JP2813125B2 - Pneumatic tire with lug - Google Patents

Description

DETAILED DESCRIPTION OF THE INVENTION

[0001]

BACKGROUND OF THE INVENTION 1. Field of the Invention The present invention relates to a pneumatic tire for cultivated land, for example, a pneumatic tire with lugs which is mounted on an agricultural tractor or the like and is used for paddy field work and field work.

[0002]

2. Description of the Related Art Conventionally, a pneumatic tire for agricultural land has a lug-shaped pattern in which a large number of lugs are arranged in a U-shape on a tread surface in order to ensure running performance when traveling on muddy or soft ground. Is used. Especially for agricultural products, high rug patterns with high rug heights were the mainstream in Japan because paddy field work was the center. However, in recent years, the shift from paddy field cultivation to field cultivation has increased due to a change in agricultural policy, and cases that are used for both paddy field work and field work have become mainstream.

[0003]

By the way, the conventional pneumatic tire with lugs of the high lag pattern is manufactured mainly in consideration of paddy field work, and can exhibit excellent traction in muddy places and the like. However, there is a drawback that soil is dug not only in the paddy field but also in the field work, the cultivation is deepened, and the field is exposed.

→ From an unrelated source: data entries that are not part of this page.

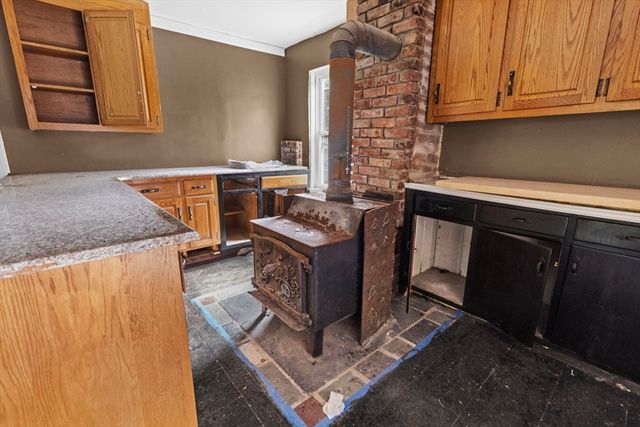 1212 Southbridge Rd, Warren, MA 01083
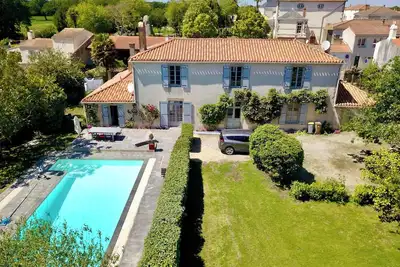 Image de Ancien presbytère rénové avec 5 chambres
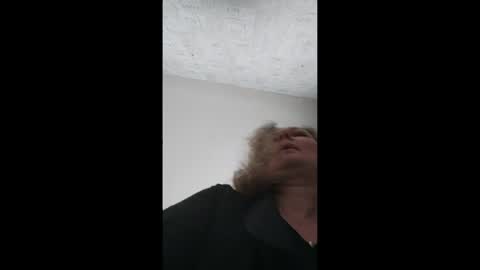 Snapshot of edithmanning chatting on 05/17/26, 05:16 edithmanning online show from 05/17/26, 05:16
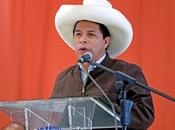 Presidente Castillo saluda periodistas reafirma compromiso libertad expresión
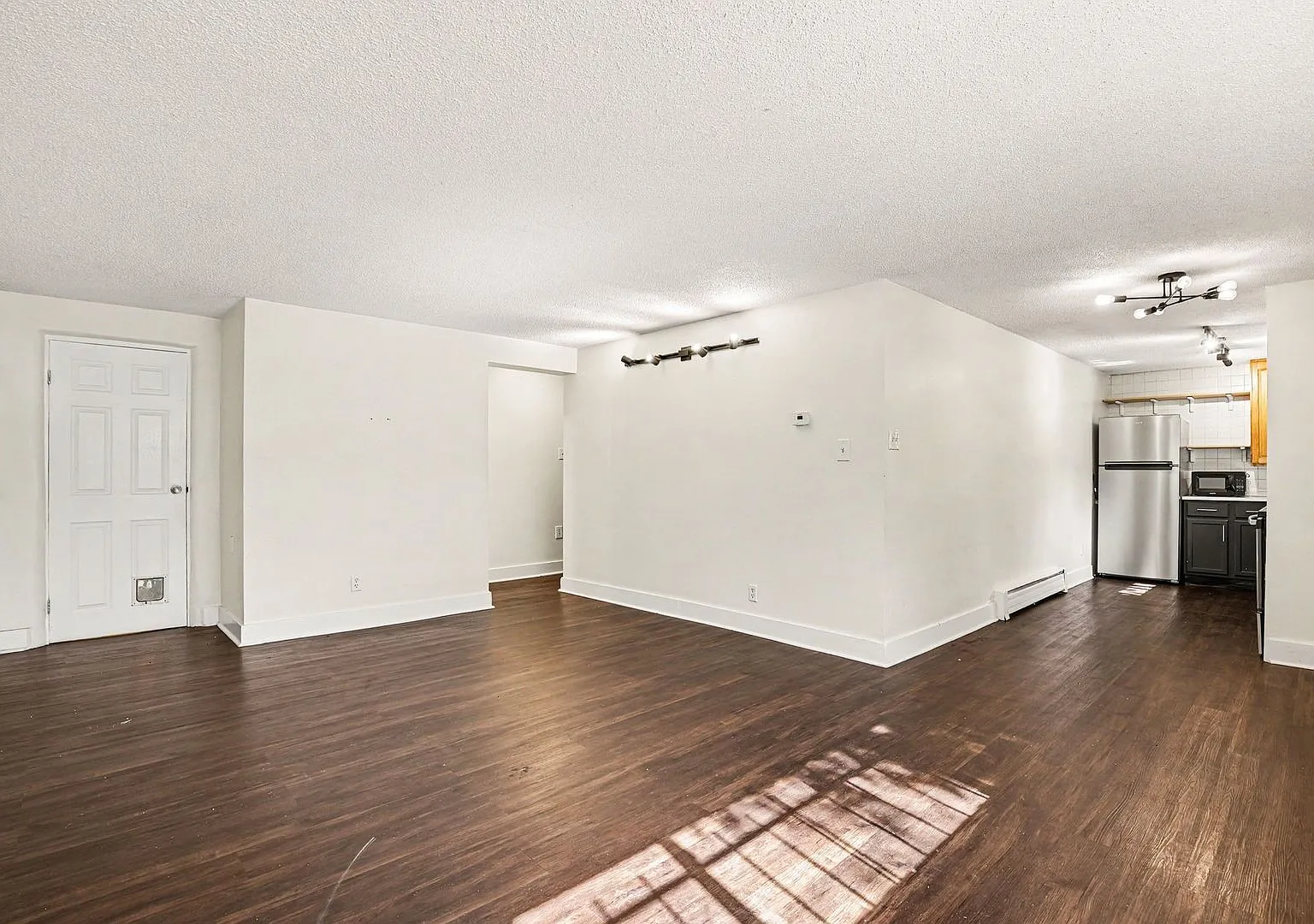 Charming 2-Bedroom Condo in a Prime Location - Cheesman Park! **Move-In Special** — Photo 2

In the field work, when a tractor or the like travels along a ridge, the tractor travels along the ridge using the width of the sidewall of the tire as a guide. As shown in FIG. 10, the tire has a disadvantage that the ridge 21 is broken by the lug portion 5a exceeding the sidewall width W1 because the tread width W2 is set to be wider than the tire sidewall width W1 which is a guide. there were. An object of the present invention is to solve the above-mentioned drawbacks and to perform paddy work while maintaining traction on muddy or soft lands, which is an excellent advantage of the conventional high lag pattern, and to improve the depth of soil in a field. It is an object of the present invention to provide a pneumatic tire with lugs that suppresses digging. A further object of the present invention is to provide a pneumatic tire with lugs that can be used for paddy field cultivation and field cultivation that prevent ridge collapse in field work.

[0005]

In order to achieve the above-mentioned object, the present invention provides a pair of left and right sidewalls and a crown portion extending from the central portion to the two sidewalls. A lug extending obliquely with respect to the circumferential direction toward the shoulder portion side and protruding in the shape of a letter C, and a tread arranged in the circumferential direction, and the tip portion of the lug at the center side of the crown portion is grounded first. In the case of a pneumatic tire with a lug in which the rotation direction of the tire is specified such that the rear end of the crown shoulder side comes in contact with the ground with a delay, the lug is depressed in the lug cross-sectional shape on a cross section parallel to the equatorial plane of the tire. The side wall has an angle of 30 ° or more with a straight line connecting the tip edge of the side wall and the tire rotation axis, and the width of the tread does not exceed the width of the tire sidewall. In the side wall of the depression side of the lug,
It is formed by connecting linearly from the tip edge of the side wall to the base of the side wall on the kick-out side of the lug adjacent in the circumferential direction.

[0006]

[0007]

The traction performance of a pneumatic tire with lugs is greatly affected by the lug projected area in the tire radial cross section. That is, the larger the projected area is, the more the traction is improved, and the more easily the vehicle travels on a soft ground. However, there is a limitation due to the conditions of use of the tire, durability and size of the tire, and the projection area of the lug is limited.
Further, for example, the projection area is also limited when the tread width is set not to exceed the tire sidewall width in order to satisfy the use conditions of both paddy field cultivation and field cultivation.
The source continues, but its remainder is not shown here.